Python seek on remote file using HTTP

Marconi picture Marconi · Dec 28, 2009 · Viewed 7.3k times · Source

How do I seek to a particular position on a remote (HTTP) file so I can download only that part?

Lets say the bytes on a remote file were: 1234567890

I wanna seek to 4 and download 3 bytes from there so I would have: 456

and also, how do I check if a remote file exists? I tried, os.path.isfile() but it returns False when I'm passing a remote file url.

Answer

jbochi picture jbochi · Dec 28, 2009

If you are downloading the remote file through HTTP, you need to set the Range header.

Check in this example how it can be done. Looks like this:

myUrlclass.addheader("Range","bytes=%s-" % (existSize))

EDIT: I just found a better implementation. This class is very simple to use, as it can be seen in the docstring.
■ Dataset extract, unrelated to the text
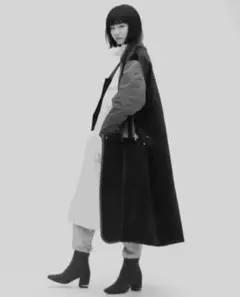 トーガプルラ　黒　アレンジ出来るトレンチコート 2025年最新】TOGA PULLA トレンチコートの人気アイテム - メルカリ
class HTTPRangeHandler(urllib2.BaseHandler):
"""Handler that enables HTTP Range headers.

This was extremely simple. The Range header is a HTTP feature to
begin with so all this class does is tell urllib2 that the 
"206 Partial Content" reponse from the HTTP server is what we 
expected.

Example:
    import urllib2
    import byterange

    range_handler = range.HTTPRangeHandler()
    opener = urllib2.build_opener(range_handler)

    # install it
    urllib2.install_opener(opener)

    # create Request and set Range header
    req = urllib2.Request('http://www.python.org/')
    req.header['Range'] = 'bytes=30-50'
    f = urllib2.urlopen(req)
"""

def http_error_206(self, req, fp, code, msg, hdrs):
    # 206 Partial Content Response
    r = urllib.addinfourl(fp, hdrs, req.get_full_url())
    r.code = code
    r.msg = msg
    return r

def http_error_416(self, req, fp, code, msg, hdrs):
    # HTTP's Range Not Satisfiable error
    raise RangeError('Requested Range Not Satisfiable')

Update: The "better implementation" has moved to github: excid3/urlgrabber in the byterange.py file.